SOURCE DATA:
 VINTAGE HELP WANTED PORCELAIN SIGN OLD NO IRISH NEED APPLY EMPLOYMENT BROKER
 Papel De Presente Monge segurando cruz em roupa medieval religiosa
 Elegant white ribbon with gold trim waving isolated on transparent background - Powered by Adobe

---

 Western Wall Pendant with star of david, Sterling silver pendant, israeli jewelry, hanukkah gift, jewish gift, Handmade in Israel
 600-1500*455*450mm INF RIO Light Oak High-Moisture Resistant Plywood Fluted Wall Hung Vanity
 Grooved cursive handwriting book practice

--

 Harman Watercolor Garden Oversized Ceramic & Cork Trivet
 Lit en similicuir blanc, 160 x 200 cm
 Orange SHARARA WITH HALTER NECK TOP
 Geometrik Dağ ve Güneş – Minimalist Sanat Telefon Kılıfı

WORK REQUEST: Find every line above that includes the word "Wall", then state how many there are and nothing more.

RESPONSE TO THIS EXERCISE: 2